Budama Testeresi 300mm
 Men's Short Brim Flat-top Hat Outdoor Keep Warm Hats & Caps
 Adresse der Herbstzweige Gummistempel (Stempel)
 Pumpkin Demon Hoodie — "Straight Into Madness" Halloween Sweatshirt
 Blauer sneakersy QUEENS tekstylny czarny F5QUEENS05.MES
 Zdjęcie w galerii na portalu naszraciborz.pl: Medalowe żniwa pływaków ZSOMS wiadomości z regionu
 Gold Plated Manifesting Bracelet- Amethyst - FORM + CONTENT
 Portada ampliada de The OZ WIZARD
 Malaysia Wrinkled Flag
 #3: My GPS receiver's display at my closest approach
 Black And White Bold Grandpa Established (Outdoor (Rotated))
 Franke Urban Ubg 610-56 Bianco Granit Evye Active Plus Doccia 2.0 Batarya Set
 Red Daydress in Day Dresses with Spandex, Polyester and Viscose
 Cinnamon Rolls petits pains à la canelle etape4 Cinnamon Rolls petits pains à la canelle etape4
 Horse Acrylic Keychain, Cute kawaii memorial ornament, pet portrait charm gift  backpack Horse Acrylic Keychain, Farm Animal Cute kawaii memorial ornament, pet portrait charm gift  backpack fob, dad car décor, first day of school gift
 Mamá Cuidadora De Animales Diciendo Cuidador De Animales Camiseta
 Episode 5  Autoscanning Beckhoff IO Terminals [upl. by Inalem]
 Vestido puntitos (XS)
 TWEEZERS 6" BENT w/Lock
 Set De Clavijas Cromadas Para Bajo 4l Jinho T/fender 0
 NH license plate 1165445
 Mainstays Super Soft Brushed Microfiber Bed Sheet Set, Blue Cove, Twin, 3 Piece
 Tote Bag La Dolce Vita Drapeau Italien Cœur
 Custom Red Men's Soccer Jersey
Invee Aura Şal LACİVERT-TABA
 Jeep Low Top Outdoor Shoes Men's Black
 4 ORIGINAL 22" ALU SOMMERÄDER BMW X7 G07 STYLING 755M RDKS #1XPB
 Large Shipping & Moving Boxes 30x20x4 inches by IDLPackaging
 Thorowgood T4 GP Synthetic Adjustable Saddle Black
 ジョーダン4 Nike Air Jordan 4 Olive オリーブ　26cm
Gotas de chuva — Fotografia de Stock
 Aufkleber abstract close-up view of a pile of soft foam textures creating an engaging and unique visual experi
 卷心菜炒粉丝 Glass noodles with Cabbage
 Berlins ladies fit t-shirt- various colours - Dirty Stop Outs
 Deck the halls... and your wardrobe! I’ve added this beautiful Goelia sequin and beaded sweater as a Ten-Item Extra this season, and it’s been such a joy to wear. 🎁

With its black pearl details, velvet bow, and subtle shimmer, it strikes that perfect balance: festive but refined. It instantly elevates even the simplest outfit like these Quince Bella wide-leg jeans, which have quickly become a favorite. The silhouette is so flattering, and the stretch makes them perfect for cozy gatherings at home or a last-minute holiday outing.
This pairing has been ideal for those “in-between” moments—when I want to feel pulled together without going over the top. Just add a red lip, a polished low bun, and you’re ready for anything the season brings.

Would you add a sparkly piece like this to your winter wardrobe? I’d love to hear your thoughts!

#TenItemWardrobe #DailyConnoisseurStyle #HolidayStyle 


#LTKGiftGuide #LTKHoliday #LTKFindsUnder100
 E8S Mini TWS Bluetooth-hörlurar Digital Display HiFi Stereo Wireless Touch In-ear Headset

---*---

== Requirement ==
For this task, write out exactly the lines of the entries above, starting at the line with "Mamá Cuidadora De" and ending at the line with "NH license plate 1165445", both included, and no others.

== Solution ==
 Mamá Cuidadora De Animales Diciendo Cuidador De Animales Camiseta
 Episode 5  Autoscanning Beckhoff IO Terminals [upl. by Inalem]
 Vestido puntitos (XS)
 TWEEZERS 6" BENT w/Lock
 Set De Clavijas Cromadas Para Bajo 4l Jinho T/fender 0
 NH license plate 1165445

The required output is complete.